TASK REQUIREMENTS: Look through the data below and extract, unchanged, the lines from the one that contains "Last but not" to the one that contains "To call any", both included.

DATASET RECORDS:
/---
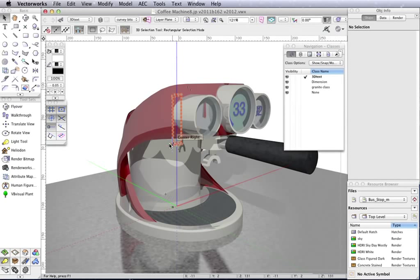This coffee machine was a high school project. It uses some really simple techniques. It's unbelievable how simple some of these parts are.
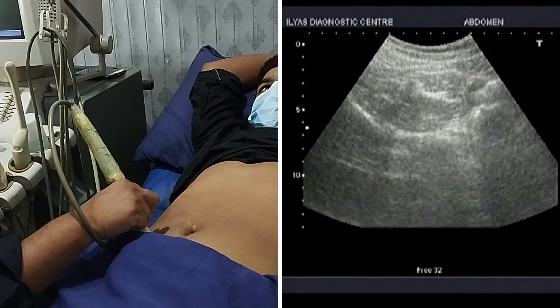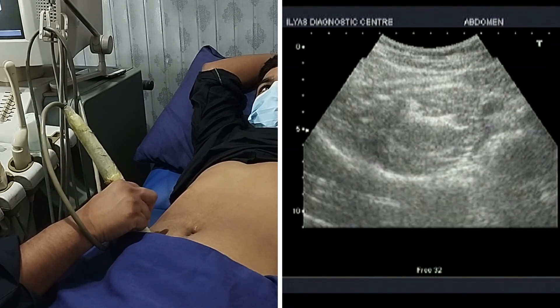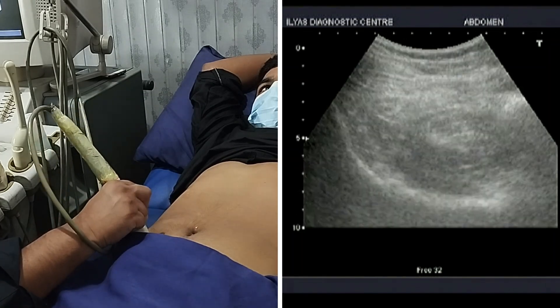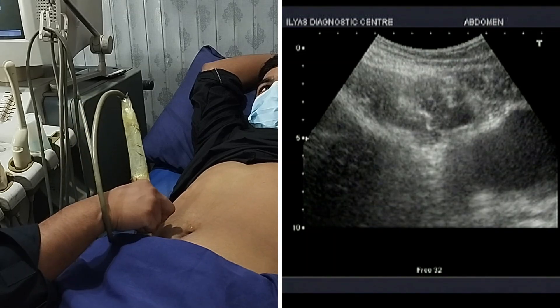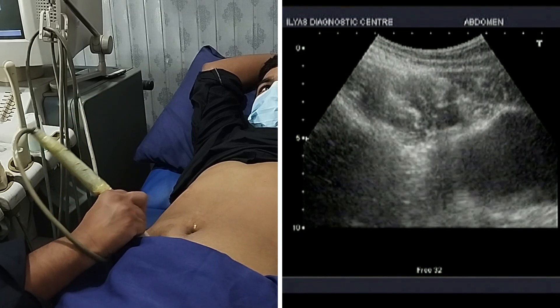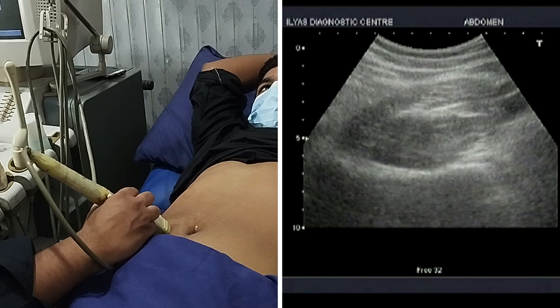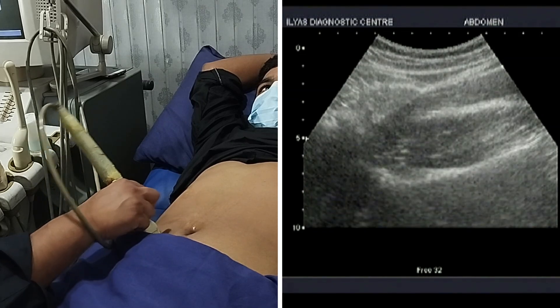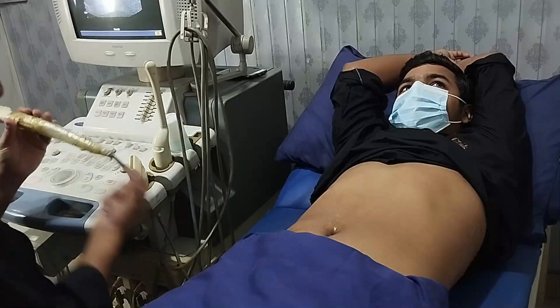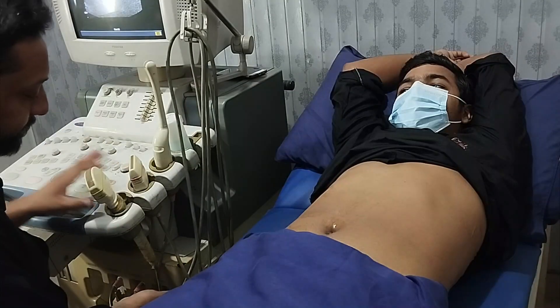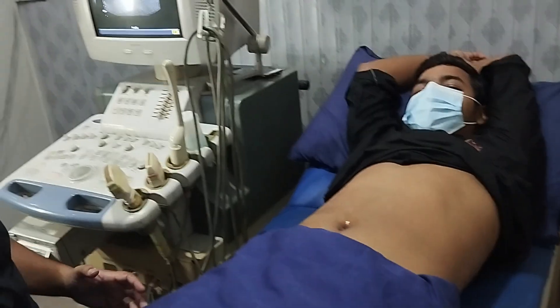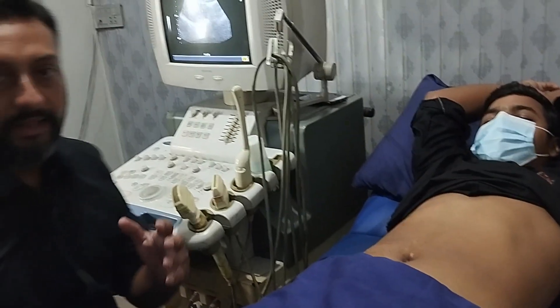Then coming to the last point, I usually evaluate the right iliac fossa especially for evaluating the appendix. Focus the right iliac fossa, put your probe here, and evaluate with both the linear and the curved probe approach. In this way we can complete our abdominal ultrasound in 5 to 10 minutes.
\---
/---
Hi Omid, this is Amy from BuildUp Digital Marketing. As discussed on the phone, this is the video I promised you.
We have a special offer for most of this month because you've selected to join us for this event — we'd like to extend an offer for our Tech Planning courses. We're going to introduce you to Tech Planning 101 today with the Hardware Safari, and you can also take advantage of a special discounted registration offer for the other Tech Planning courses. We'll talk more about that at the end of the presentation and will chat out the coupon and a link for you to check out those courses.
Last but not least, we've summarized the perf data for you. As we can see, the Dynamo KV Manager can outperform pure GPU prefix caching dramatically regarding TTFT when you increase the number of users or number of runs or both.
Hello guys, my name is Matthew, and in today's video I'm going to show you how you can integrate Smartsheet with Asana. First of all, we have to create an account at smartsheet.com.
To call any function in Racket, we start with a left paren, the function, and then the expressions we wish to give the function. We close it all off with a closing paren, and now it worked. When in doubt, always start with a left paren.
\---
THE ANSWER:
Last but not least, we've summarized the perf data for you. As we can see, the Dynamo KV Manager can outperform pure GPU prefix caching dramatically regarding TTFT when you increase the number of users or number of runs or both.
Hello guys, my name is Matthew, and in today's video I'm going to show you how you can integrate Smartsheet with Asana. First of all, we have to create an account at smartsheet.com.
To call any function in Racket, we start with a left paren, the function, and then the expressions we wish to give the function. We close it all off with a closing paren, and now it worked. When in doubt, always start with a left paren.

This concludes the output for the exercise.